En rappelant ce fait, nous ne voulons pas. seulement détruire une vieille et écœurante légende opportuniste. Nous voulons montrer que l’œuvre de Marx, au lieu de s’attarder dans la description de capitalismes contingents s’en tient, étant de nature toute polémique, à un capitalisme-type, un système capitaliste abstrait, oui Messieurs ! qui n’existe pas, non Messieurs ! Mais qui correspond pleinement aux hypothèses des économistes qui se proposaient d’en faire l’apologie.

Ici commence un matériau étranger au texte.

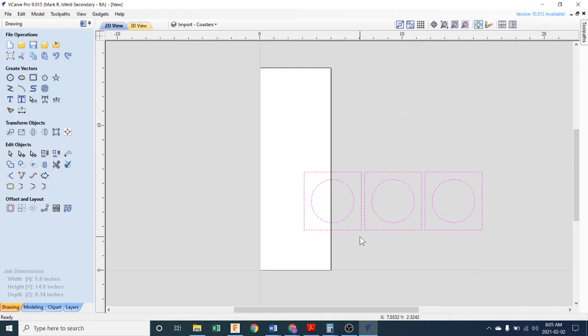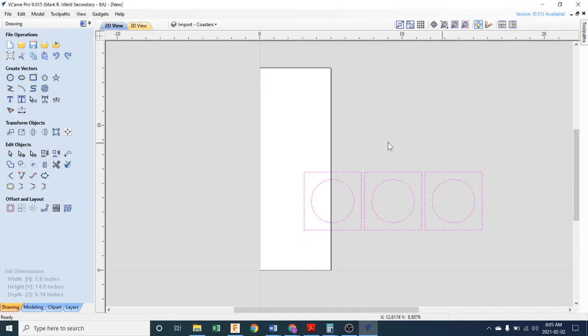Right away I see I've got a little bit of a problem. My wood is vertically oriented—that's the job here, right? And my coasters are not, so we have to rotate this.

Ce qui importe, en effet c’est le heurt entre deux positions dont l’une veut prouver la permanence, voire l’éternité de la machine capitaliste : et dont l’autre en démontre la fin prochaine. C’est un heurt de classe et de parti, et non pas une banale querelle d’hommes de science.
Sous cet angle, il a convenu au révolutionnaire Marx de supposer que les engrenages de la machine capitaliste sont réellement centrés et lubrifiés de façon parfaite par la libre concurrence et le droit égal pour tous de produire et de consommer selon les mêmes règles. Dans la véritable histoire du capital, cela n’a jamais été n’est pas, ni ne sera jamais. Les données réelles sont donc infiniment plus favorables à notre démonstration que l’hypothèse. Eh bien, tant mieux !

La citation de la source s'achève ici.